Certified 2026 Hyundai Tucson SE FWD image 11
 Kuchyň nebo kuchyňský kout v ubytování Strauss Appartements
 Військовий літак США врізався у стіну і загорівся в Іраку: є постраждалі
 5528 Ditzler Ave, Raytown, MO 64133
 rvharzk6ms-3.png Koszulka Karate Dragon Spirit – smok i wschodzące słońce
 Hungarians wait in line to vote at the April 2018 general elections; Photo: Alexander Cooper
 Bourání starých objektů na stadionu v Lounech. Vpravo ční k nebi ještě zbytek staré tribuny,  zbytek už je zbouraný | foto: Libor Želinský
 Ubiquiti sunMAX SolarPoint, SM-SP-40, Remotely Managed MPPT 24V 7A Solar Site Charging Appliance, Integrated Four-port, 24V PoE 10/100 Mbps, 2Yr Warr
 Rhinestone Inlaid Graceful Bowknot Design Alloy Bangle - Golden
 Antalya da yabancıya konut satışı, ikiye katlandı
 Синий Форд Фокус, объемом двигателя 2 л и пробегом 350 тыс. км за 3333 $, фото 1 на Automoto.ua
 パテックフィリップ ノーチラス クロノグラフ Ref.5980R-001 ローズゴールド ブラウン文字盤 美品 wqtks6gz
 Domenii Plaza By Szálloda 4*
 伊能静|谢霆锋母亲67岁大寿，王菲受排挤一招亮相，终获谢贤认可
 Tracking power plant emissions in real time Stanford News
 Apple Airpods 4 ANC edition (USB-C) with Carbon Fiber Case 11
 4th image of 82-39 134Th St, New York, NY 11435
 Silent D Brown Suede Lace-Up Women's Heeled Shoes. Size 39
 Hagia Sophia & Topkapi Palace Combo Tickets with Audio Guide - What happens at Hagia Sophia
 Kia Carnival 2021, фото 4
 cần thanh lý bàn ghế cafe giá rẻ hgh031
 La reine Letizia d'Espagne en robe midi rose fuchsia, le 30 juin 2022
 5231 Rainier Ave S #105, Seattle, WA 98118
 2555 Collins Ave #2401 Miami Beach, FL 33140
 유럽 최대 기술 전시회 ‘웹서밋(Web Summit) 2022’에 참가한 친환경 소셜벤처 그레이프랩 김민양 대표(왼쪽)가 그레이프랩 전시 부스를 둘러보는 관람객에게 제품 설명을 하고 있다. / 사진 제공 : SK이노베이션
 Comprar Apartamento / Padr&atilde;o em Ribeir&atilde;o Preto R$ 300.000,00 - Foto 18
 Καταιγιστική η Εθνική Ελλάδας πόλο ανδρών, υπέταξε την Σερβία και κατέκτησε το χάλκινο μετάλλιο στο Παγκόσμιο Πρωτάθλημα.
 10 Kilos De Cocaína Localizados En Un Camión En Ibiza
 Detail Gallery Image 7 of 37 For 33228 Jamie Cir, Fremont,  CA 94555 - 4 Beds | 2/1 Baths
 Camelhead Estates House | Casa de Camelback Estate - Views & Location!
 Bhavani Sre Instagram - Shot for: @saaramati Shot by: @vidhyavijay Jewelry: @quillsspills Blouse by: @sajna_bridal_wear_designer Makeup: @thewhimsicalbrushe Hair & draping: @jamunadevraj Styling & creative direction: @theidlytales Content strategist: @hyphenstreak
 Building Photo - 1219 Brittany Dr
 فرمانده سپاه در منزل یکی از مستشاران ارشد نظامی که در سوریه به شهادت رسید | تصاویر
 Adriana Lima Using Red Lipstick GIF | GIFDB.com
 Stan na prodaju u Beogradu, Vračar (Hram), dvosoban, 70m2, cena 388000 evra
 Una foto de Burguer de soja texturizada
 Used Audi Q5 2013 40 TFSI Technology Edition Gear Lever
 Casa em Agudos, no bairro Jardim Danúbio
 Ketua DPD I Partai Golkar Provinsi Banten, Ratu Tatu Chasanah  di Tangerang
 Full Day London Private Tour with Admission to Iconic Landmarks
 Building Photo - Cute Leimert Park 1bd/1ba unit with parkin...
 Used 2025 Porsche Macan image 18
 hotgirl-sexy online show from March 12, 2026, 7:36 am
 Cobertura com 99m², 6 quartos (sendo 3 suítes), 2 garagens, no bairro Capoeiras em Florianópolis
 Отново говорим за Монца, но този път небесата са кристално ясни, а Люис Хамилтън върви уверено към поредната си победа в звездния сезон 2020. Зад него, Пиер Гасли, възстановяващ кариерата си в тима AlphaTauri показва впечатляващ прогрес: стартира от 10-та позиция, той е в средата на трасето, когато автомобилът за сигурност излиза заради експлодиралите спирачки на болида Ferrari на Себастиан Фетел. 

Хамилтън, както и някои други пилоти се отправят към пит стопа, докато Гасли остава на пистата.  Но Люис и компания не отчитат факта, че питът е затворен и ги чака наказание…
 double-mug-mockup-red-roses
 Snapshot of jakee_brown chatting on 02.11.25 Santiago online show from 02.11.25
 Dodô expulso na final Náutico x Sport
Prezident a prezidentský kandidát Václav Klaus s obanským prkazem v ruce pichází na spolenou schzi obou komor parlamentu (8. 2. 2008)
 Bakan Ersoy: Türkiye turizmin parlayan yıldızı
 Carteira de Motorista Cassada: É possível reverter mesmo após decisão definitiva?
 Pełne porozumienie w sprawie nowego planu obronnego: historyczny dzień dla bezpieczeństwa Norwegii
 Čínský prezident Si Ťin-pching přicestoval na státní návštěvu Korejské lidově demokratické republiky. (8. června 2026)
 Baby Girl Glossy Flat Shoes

_ _ _ _ _

Find where the line with "La reine Letizia" sits in the material above, then copy exactly from it through the line with "Camelhead Estates House". Add no other line.

● **EXERCISE RESPONSE**:
 La reine Letizia d'Espagne en robe midi rose fuchsia, le 30 juin 2022
 5231 Rainier Ave S #105, Seattle, WA 98118
 2555 Collins Ave #2401 Miami Beach, FL 33140
 유럽 최대 기술 전시회 ‘웹서밋(Web Summit) 2022’에 참가한 친환경 소셜벤처 그레이프랩 김민양 대표(왼쪽)가 그레이프랩 전시 부스를 둘러보는 관람객에게 제품 설명을 하고 있다. / 사진 제공 : SK이노베이션
 Comprar Apartamento / Padr&atilde;o em Ribeir&atilde;o Preto R$ 300.000,00 - Foto 18
 Καταιγιστική η Εθνική Ελλάδας πόλο ανδρών, υπέταξε την Σερβία και κατέκτησε το χάλκινο μετάλλιο στο Παγκόσμιο Πρωτάθλημα.
 10 Kilos De Cocaína Localizados En Un Camión En Ibiza
 Detail Gallery Image 7 of 37 For 33228 Jamie Cir, Fremont,  CA 94555 - 4 Beds | 2/1 Baths
 Camelhead Estates House | Casa de Camelback Estate - Views & Location!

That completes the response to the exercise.